## [Records shown]
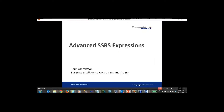I'm going to go ahead and get started. Before we get started, I'd just like to thank everybody for attending my session today. I know you guys have very busy schedules. I appreciate you taking some time out of your busy day to listen to me talk about reporting services expressions. Just a brief introduction about myself — my name is Chris Albrexson. I am a business intelligence consultant and trainer here at Pragmatic Works.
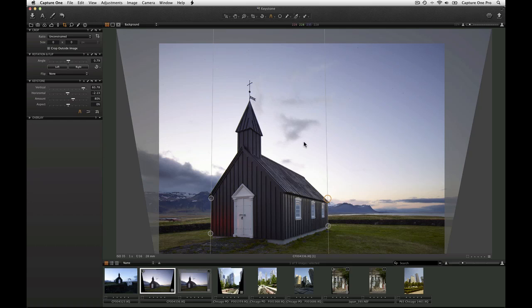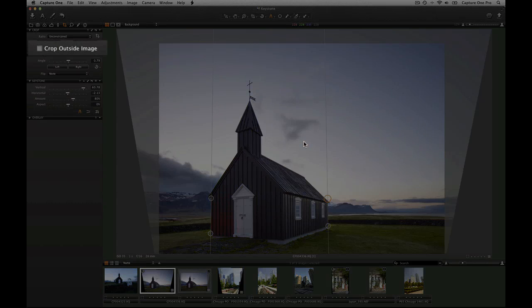Capture One will crop automatically, but it is possible to adjust. To crop outside of the image area, check the box in the crop tool.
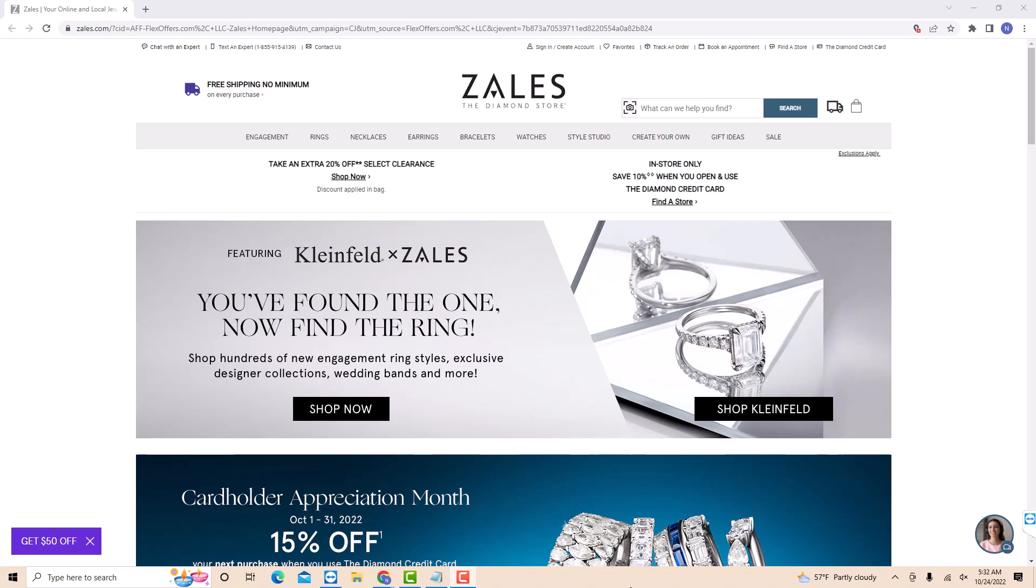Hey guys, this is Northville Tech. In this video, we're gonna learn how to add Zales credit card to your Zales account. If you don't have a Zales account, we will put a link in the description below for you to sign up.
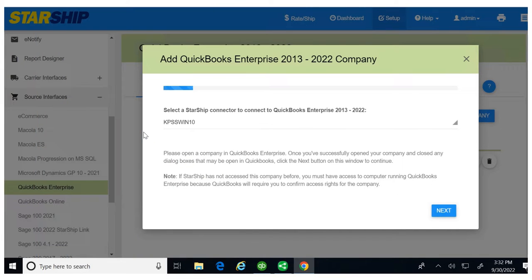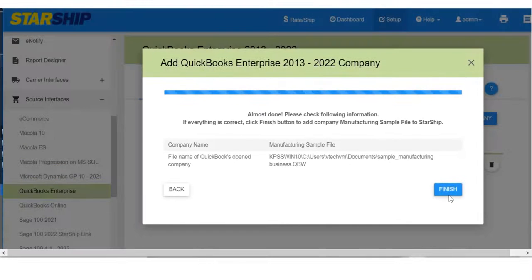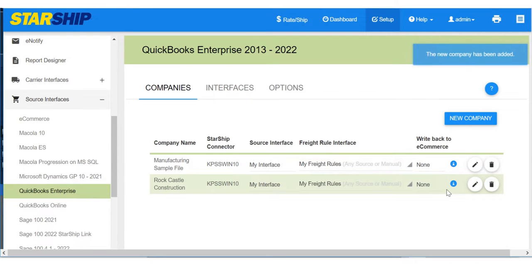Back in Starship, select the connector you want to use to connect to the QuickBooks company and click next. Click finish to complete the setup. And that's it, you're all set.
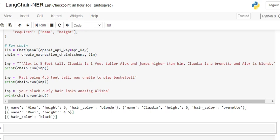Now, 'Ravi being four point five feet tall was unable to play basketball.' So here also it is able to get it: Ravi, height is four point five.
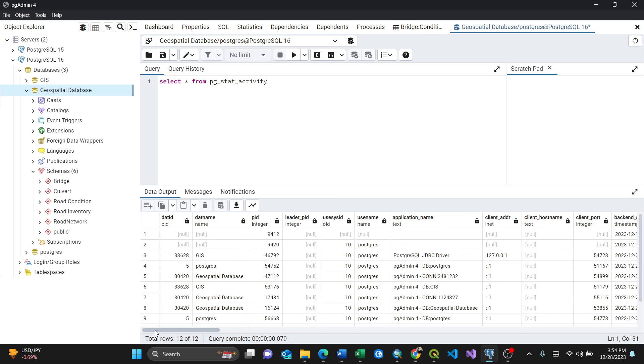So just like that, this is the way of using your pgAdmin for PostgreSQL 16 to list all active connections for PostgreSQL. Thank you a lot.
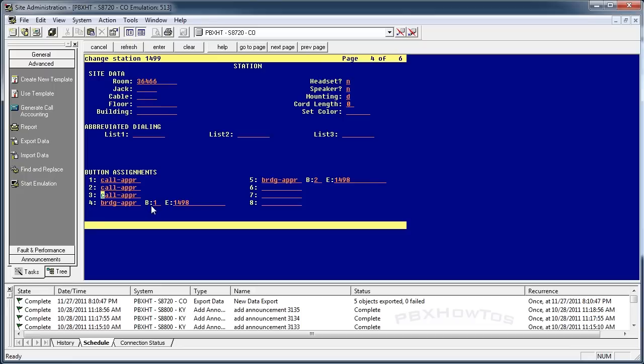Again, this is a quick tip on bridged appearances and how you set them up so you can be able to see what calls are coming in on another phone.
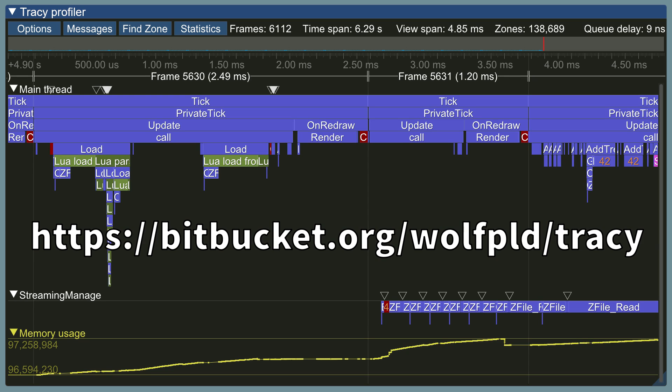Tracy is a real-time nanosecond resolution frame profiler that can be used for remote or embedded telemetry of your application. It can profile both CPU and GPU, and it also can display locks held by threads and their interactions with each other.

## [What the exercise asks]
Above are the records; copy from them only the lines starting at the one containing "Hey guys, this" and ending at the one containing "Again, this is", exactly and without pictures.

## [Solved problem]
Hey guys, this is Northville Tech. In this video, we're gonna learn how to add Zales credit card to your Zales account. If you don't have a Zales account, we will put a link in the description below for you to sign up.
Back in Starship, select the connector you want to use to connect to the QuickBooks company and click next. Click finish to complete the setup. And that's it, you're all set.
Now, 'Ravi being four point five feet tall was unable to play basketball.' So here also it is able to get it: Ravi, height is four point five.
So just like that, this is the way of using your pgAdmin for PostgreSQL 16 to list all active connections for PostgreSQL. Thank you a lot.
Again, this is a quick tip on bridged appearances and how you set them up so you can be able to see what calls are coming in on another phone.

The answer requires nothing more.